Once an instance deployment is initiated, the Status Tracker section displays real-time progress and estimated completion time.

Note: The deployment typically takes 15–20 minutes to complete.

Upon successful deployment, the status updates to Success.

Important

The list of compute profiles presented to the end user is dynamic i.e. if the administrator updates or publishes a new profile, it will be immediately available to the end user as an option to consume.

View Compute Instances¶

When the user clicks on Baremetal, they are presented with the list of Baremetal compute instances in their workspace.

Name
Workspace
Created At
Services
Publish Status
Actions

Post-Deployment Operations¶

Once an instance has been launched and is operational, users can perform a number of actions on it. This section describes the list of actions that can be performed.

Remote Access¶

The end user will need access to the remote instance that is operating behind a firewall in a private data center or public cloud. These instances can be either a Kubernetes namespace or a Virtual Cluster or a Dedicated Kubernetes cluster. The secure remote access capability is powered by Rafay's Zero Trust Kubectl (ZTKA) feature.

The user can download the ZTKA "kubeconfig" file, configure their KubeCTL CLI utility to use it and access the instance remotely. The user can also click on the "kubectl" button which will open a web shell that will allow them to securely interact with the instance.

Collaborators¶

It is common for end users to work with both internal (i.e. employees) and external (i.e. outside the company) collaborators. Users can easily add/remove other users to a specific instance. Once the user enters the collaborator's "email address", an email invitation is sent to the user with details on how they can access this instance. Once they login, they will have the same level (i.e. role/privilege) of access to the instance.

Instance Actions¶

After a Bare Metal compute instance is deployed, various lifecycle operations can be performed from the Actions panel. The following options are available:

Start: Powers on the instance if it is currently in a stopped state
Stop: Initiates a graceful shutdown of the instance.
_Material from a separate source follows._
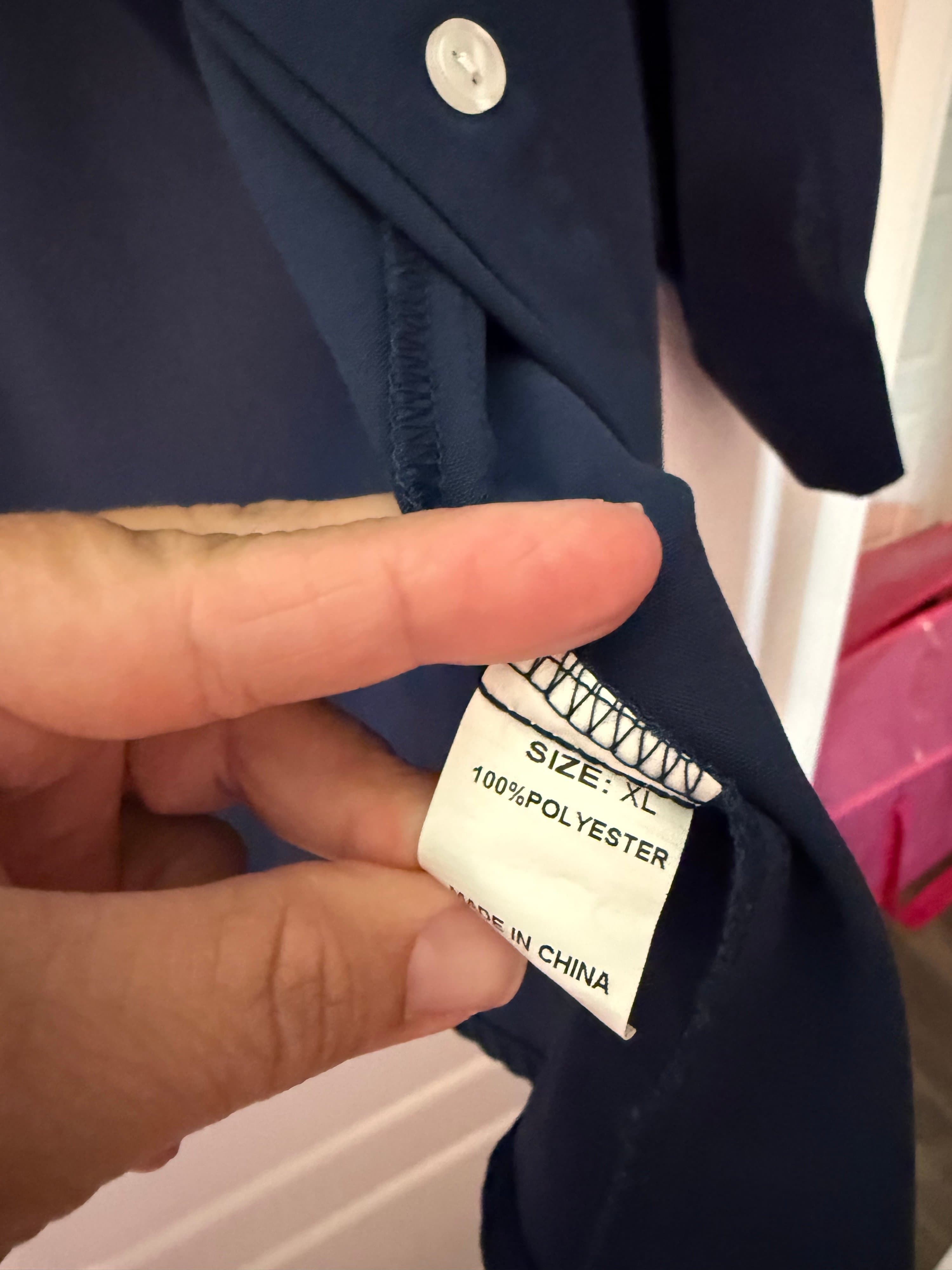 Navy Blue Button-Up Shirt XL Polyester - Thumbnail 2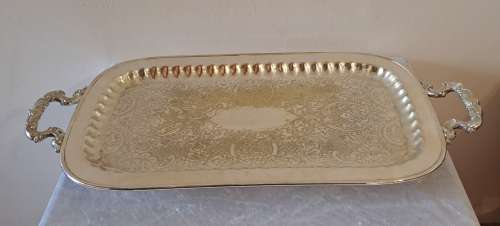 Large  Vintage LEONARD Silver-Plate Tray 5,5cm high x 62cm x 29cm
This is typically used for maintenance or to reduce resource usage
Power Cycle: Performs a complete power cycle, turning the instance off and then back on. Useful for applying configuration changes or resolving issues
Power Reset: Executes a hardware-level reset, similar to pressing the reset button on a physical server. Intended for unresponsive system scenarios
Delete: Permanently removes the instance along with all related configurations. This action cannot be undone

⚠️ It is recommended to back up any critical data before using Power Reset or Delete actions. This action is irreversible and cannot be undone.

View Metrics¶

To access the metrics for a Bare Metal instance:

Navigate to the list of Bare Metal instances
Click the ellipsis (⋮) icon under the Actions column for the desired instance
Select View Metrics from the dropdown

The Metrics Overview page is displayed, providing insights into:

CPU Utilization: Displays current, peak, and average CPU usage and committed resources
Memory Utilization: Shows memory usage statistics, including current, peak, and average usage
Storage Utilization: Indicates disk usage in terms of current, peak, and average usage

Additionally, GPU information is displayed for each allocated GPU with details such as model and identifier (e.g., GPU #1, GPU #2).

GPU Metrics Breakdown¶

To view GPU-specific metrics, expand the corresponding GPU section. The detailed metrics include:

GPU Utilization: Indicates the percentage of GPU core processing capacity currently in use. A high value suggests the GPU is actively engaged in compute tasks such as inference or training.
GPU Memory Copy Utilization: Reflects how actively the GPU is transferring data between its memory and compute units. Elevated values may indicate frequent data movement, which could impact performance if memory bandwidth becomes a bottleneck.
GPU Temperature: Displays the current temperature of the GPU in degrees Celsius. Continuous high temperatures may lead to thermal throttling or hardware issues, and could indicate inadequate cooling.
GPU SM Clocks: Shows the clock speed of the Streaming Multiprocessors (SMs), which are responsible for executing shader and compute workloads. This metric helps assess if the GPU is running at its full performance potential.
GPU Memory Clocks: Indicates the frequency at which the GPU memory operates. It determines the speed at which data is read from or written to the GPU memory, affecting overall memory throughput.
Framebuffer Memory Used: Displays the amount of memory currently consumed by the GPU for active workloads. This includes model weights, input data, and intermediate results stored in memory.
Framebuffer Memory Free: Indicates the remaining available memory on the GPU that can be used for additional tasks. Monitoring this helps ensure there is sufficient memory to handle new or growing workloads without failure.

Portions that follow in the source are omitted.